Some memories listed are his very personal memories, but others spark memories of my own and I find myself saying, "Hey, I remember that too!"
I remember big puzzles on card tables that never got finished.
I remember vanilla pudding with vanilla wafers in it with and sliced bananas on top.
I remember cold cream. "Tums for the tummy." And Our Miss Brooks.
I remember when someone says something that rhymes, "You're a poet, and didn't know it, but your feet show it. They're Longfellows!"
I remember starting a set of supermarket encyclopedias, but three was as far as we got.This kind of list is a perfect ongoing assignment. It has value on its own, just as a list of personal memories, but it's also valuable as a list of potential stories. You'll find that many of the memory blasts you jot down on the list can be fleshed out into full stories. The list can become a database of story-starters.

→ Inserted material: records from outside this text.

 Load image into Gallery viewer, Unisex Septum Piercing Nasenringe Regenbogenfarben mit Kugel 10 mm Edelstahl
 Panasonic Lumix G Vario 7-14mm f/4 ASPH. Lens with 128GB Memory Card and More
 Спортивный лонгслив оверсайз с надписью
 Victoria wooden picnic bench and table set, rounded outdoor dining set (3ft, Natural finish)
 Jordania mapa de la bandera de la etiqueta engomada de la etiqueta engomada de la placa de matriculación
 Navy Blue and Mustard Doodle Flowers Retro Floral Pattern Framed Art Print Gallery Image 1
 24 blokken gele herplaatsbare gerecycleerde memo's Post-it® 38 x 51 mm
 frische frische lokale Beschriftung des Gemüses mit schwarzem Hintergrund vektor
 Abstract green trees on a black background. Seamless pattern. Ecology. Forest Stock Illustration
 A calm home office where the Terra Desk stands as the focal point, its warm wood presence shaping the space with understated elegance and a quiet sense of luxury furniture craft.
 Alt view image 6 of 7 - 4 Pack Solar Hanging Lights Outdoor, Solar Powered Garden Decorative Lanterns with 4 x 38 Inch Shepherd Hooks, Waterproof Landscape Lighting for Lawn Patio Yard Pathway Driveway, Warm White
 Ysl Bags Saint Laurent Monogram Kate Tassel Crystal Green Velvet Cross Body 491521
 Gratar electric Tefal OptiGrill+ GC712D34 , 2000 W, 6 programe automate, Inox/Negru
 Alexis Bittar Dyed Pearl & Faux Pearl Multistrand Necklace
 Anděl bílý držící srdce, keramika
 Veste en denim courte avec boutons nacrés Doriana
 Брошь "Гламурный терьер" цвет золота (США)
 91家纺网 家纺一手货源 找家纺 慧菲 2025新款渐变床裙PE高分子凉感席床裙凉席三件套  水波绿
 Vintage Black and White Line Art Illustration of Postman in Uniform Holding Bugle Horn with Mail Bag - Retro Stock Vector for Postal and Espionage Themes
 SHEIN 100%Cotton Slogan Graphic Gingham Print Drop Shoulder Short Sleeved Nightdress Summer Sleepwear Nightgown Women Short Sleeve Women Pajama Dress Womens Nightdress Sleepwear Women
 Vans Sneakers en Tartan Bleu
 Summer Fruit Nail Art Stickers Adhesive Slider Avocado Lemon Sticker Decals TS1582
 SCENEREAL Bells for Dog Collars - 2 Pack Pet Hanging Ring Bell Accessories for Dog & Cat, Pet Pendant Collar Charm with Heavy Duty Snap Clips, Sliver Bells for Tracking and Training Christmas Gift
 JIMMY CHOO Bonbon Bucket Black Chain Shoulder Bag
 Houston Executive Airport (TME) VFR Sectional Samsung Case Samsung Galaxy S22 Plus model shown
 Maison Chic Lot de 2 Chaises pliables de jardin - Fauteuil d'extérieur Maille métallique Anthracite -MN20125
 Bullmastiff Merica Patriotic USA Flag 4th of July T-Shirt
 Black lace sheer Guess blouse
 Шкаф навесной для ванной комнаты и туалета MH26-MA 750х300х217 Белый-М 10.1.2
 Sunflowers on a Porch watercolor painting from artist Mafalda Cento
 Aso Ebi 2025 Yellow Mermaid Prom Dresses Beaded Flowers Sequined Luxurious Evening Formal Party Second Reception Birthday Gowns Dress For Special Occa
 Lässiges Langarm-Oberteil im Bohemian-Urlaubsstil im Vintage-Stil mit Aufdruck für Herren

I remember, in the morning, my eyelashes glued together with "sleep."
1) Designate a special notebook for your own memory blasts. Keep it near your desk, your bedside or kitchen table—someplace where it's handy anytime you have a memory that you want to jot down.
2) Take 10 minutes to get your notebook started. Jot down as many random memories as you can in 10 minutes. One memory may spark a whole bunch along that same thought line.
3) Try to think of things that people don't do anymore. Include things that were part of your early life, everyday things. For example, I remember making mimeographs and having to turn a handle on the ink drum to make copies one by one.
4) Try to include how you felt. What scared you? What did you think of before going to sleep at night? What did you wish for when blowing out birthday candles?
5) Keep this list going for as long as you can, adding to it over time. Who knows, maybe you'll fill the entire notebook with memory blasts.
6) You can refer to this list for details when writing stories from your life. If you're writing about your grade school years, you might have listed several memories from that time that will add depth and texture to your stories.
7) If you print your stories in a print-on-demand book, you can sprinkle these little memory blasts throughout your book to add variety.